Después, el infierno y el egoísmo completan la obra de la inexperiencia, poniendo en manos de Fausto á Margarita, y sigue ese dúo encantador en que el enajenamiento de dos almas, presa de una embriaguez amorosa, inefable, ideal, que en los labios de Fausto es respetuosa como una súplica y en los de Margarita es pura como una oración, completa la maquinación de un genio rencoroso, del que se hace cómplice una noche perfumada y tibia, argentada por la luna llena, que arranca á las flores penetrantes aromas que se confunden con el hálito de los sentidos y las emanaciones de la pasión.

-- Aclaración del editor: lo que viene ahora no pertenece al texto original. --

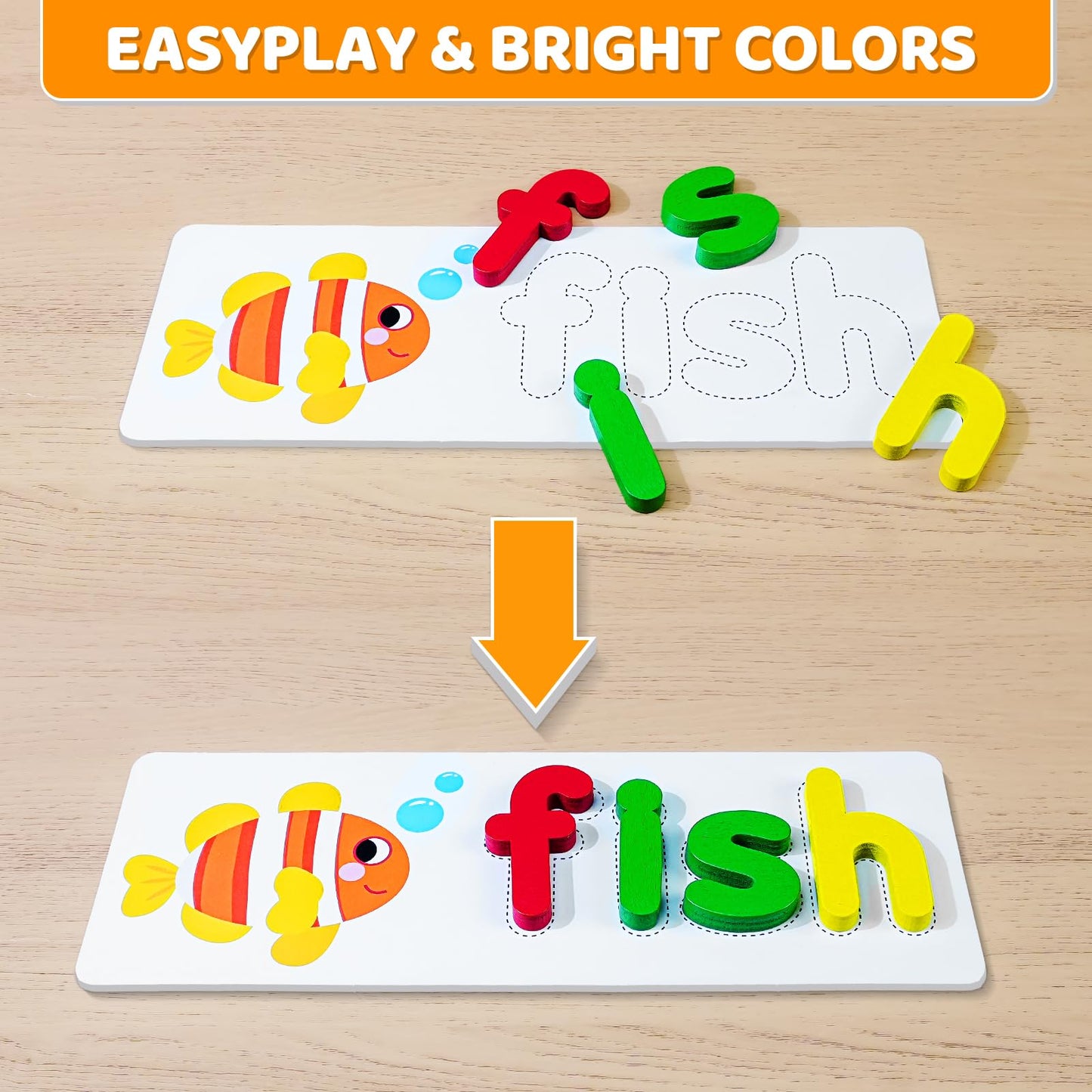 BEESTECH Alphabet ABC Learning Educational Toys for 3 4 5 Years Old Boys Girls, Wooden Puzzle Flash Cards Preschool Activity Letter Matching Games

La pudorosa virgen siente que va á sucumbir, y antes de que le falten las fuerzas, ruega á Fausto que se aleje, que la salve, y Faus

to cede, porque respeta lo mismo que idolatra; pero el travieso espíritu conoce á la mujer, sabe que ésta nunca es tan elocuente como á solas, consigo misma, y detiene á Fausto para que sorprenda esas intimidades de la conmovida doncella, que, abriendo su ventana, porque necesita aire y extensión donde respirar, involuntariamente llama al amado de su alma, en un himno celestial que podría llamarse el Cántico de los cánticos de la partitura, y Fausto se encuentra en sus brazos, sin que ni él ni ella se den cuenta de cómo ha podido suceder esa fatalidad; sin que ni él ni ella puedan oir la satánica carcajada de Mefistófeles.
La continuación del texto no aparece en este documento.